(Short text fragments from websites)

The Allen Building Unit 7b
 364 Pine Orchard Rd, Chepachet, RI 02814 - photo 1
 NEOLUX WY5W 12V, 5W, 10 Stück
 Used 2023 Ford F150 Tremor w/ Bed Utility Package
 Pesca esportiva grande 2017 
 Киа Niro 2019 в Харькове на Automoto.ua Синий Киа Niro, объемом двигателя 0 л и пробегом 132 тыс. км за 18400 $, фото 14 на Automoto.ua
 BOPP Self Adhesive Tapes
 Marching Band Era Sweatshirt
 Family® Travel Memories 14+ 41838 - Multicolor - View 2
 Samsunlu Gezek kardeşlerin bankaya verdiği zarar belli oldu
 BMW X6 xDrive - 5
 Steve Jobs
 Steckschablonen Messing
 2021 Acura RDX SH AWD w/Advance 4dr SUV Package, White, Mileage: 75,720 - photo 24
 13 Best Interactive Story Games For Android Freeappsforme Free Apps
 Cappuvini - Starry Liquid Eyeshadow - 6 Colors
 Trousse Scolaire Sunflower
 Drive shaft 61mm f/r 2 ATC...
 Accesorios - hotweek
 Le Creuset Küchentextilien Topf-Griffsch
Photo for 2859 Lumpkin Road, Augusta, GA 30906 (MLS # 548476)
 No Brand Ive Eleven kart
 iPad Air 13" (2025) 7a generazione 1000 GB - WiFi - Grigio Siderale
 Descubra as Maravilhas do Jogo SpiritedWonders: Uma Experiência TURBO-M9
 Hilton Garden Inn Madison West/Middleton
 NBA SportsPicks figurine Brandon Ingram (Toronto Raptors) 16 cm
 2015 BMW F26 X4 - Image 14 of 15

**TASK DETAILS:** If a line in the data above includes the string "Package", copy it.

**ANSWER AREA:**
 Used 2023 Ford F150 Tremor w/ Bed Utility Package
 2021 Acura RDX SH AWD w/Advance 4dr SUV Package, White, Mileage: 75,720 - photo 24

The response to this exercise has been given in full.